Is this really a surprise though? I’m a huge advocate of journalists, editors and news organizations using these social media platforms, but I think we all understand that you need to take your bits of information and source leads with a grain of a salt. Yes, they’re a great tool for finding new potential leads, stories and information, but after that it comes back to the basic guidelines of reporting (verifying with two sources, fact checking, being objective, etc.).
That’s why this whole sending 5 journalists to a farmhouse in France with only Twitter and Facebook access to report stories doesn’t make a lot of sense to me. Yes, it’s fun story. A bizzaro, Real World France-journalistic hybrid; but it won’t really prove anything. While these tools are growing in importance, they’re still just a part of your toolbox. The phone is still a powerful tool – people will say things there that they won’t say on social media or in an email (no paper trail). Your writing acumen, commons sense, etc. are powerful tools.

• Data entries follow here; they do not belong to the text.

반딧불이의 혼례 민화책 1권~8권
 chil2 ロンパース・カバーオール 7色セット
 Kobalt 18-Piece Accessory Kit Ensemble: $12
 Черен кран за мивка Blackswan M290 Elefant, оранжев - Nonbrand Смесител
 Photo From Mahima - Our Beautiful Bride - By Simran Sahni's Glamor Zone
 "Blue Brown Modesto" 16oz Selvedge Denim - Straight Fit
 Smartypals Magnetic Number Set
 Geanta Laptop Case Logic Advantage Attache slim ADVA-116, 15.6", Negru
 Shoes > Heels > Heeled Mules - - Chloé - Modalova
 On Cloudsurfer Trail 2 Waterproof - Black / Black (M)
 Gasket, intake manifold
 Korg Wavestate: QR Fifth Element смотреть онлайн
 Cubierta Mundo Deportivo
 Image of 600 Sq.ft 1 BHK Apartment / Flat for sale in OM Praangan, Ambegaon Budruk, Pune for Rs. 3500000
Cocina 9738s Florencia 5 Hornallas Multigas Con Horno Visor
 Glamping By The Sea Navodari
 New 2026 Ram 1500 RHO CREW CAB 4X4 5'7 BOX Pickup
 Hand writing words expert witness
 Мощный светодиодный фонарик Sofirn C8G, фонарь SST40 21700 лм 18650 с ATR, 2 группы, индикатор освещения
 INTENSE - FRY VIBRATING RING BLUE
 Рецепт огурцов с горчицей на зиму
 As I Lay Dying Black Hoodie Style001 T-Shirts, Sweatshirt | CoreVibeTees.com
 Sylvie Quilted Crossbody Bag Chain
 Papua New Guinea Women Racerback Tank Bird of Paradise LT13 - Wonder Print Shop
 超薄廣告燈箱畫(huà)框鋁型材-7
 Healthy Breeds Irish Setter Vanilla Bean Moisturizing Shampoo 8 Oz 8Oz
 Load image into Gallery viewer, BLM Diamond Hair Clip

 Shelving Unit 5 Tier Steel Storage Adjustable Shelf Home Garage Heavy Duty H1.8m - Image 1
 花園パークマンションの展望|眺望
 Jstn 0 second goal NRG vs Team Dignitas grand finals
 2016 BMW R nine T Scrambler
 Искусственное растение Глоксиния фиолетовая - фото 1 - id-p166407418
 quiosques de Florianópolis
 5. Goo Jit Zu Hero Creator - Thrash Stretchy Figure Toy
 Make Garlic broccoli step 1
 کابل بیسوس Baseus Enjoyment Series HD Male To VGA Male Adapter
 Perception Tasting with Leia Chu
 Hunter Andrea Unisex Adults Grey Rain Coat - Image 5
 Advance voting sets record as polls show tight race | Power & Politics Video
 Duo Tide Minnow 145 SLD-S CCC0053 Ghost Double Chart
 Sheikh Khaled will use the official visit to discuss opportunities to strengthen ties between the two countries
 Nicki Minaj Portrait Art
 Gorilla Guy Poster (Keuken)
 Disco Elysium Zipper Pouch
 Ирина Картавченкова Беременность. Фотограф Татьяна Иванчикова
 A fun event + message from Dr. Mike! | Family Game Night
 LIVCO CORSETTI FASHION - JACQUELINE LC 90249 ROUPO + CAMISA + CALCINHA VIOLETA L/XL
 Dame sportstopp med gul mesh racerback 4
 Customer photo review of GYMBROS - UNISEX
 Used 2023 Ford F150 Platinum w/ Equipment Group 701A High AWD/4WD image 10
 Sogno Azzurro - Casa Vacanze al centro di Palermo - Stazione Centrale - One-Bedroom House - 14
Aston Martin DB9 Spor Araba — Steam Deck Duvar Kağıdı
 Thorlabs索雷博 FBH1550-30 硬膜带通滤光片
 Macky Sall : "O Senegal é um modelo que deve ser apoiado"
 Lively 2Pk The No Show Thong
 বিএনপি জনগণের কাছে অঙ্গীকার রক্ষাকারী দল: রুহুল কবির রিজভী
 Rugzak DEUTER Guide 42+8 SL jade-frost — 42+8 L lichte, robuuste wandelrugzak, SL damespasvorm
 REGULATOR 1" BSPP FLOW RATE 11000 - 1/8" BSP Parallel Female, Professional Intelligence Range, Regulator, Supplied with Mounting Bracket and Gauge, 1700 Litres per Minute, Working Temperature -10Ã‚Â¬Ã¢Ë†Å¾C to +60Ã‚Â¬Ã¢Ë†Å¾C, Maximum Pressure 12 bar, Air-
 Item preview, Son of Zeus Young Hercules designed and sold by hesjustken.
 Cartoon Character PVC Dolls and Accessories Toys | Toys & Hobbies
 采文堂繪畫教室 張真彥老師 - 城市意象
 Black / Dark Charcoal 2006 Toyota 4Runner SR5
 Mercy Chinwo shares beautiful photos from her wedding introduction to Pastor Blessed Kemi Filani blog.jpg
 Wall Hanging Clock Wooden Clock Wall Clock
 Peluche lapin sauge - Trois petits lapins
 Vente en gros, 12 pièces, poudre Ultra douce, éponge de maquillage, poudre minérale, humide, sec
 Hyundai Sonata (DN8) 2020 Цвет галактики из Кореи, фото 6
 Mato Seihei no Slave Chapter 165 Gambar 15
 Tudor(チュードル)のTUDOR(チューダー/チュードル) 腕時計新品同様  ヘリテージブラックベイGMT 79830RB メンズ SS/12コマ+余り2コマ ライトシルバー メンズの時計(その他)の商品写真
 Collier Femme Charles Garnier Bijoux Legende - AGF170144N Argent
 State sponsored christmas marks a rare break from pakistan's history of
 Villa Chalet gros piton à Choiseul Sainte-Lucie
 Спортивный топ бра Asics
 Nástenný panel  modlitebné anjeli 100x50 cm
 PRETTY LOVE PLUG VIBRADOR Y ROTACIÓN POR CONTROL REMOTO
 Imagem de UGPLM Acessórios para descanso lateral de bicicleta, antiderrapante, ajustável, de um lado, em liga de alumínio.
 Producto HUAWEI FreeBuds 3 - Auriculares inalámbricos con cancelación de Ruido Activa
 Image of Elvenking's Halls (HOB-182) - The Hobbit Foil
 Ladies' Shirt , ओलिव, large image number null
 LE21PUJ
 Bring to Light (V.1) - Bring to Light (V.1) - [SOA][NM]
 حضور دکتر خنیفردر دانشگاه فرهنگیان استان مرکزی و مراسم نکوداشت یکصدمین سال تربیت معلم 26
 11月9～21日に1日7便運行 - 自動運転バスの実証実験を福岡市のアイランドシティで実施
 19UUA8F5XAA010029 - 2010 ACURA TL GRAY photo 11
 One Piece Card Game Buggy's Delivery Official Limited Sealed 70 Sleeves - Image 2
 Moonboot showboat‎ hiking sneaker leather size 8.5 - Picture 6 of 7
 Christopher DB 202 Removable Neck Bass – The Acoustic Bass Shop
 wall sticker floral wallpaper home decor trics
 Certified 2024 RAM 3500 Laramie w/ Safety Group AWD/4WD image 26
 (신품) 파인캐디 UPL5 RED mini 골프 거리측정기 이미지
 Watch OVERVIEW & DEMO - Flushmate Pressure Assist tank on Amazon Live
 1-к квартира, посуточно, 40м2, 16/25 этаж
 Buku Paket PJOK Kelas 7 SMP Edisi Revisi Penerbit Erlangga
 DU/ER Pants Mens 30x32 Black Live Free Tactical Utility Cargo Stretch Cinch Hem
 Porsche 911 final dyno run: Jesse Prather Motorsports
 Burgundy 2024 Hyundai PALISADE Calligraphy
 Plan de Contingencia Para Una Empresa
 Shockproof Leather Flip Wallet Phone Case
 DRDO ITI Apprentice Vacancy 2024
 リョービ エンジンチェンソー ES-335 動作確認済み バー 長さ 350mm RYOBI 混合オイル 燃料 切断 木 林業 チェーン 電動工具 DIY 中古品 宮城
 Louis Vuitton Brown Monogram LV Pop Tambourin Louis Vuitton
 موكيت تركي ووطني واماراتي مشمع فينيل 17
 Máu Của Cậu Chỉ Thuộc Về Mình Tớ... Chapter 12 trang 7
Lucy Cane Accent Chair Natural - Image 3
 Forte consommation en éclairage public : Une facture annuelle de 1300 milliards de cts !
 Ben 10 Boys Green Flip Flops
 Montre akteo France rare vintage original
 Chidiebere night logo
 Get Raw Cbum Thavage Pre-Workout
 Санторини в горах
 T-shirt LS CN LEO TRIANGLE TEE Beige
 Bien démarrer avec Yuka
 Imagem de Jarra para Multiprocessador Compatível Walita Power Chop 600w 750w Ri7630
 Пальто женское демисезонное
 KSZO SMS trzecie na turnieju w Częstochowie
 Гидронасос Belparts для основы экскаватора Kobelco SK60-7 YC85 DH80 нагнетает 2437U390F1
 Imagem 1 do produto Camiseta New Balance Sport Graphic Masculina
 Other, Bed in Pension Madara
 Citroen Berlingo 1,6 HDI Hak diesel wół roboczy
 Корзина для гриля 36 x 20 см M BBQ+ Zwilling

In addition, when looking strictly at news gathering – corporate Websites continue to be the most common destination for reporters doing background research or looking for information (Chart below).
Of course, the study also overlooks that social media is a powerful distribution / aggregation tool for journalists and editors. According to Venturebeat the NYTimes.com received nearly 3% of its traffic from Facebook in December 2009. And even with a scheduled move to metered traffic, the Timeswill still allow referral traffic from social media sites to see Times stories, without counting against their “meter”.
So while the five strangers picked to live in a farm-house in France, and have their stories Twittered, may have trouble confirming their sources and fact-checking, they should have no trouble distributing their stories.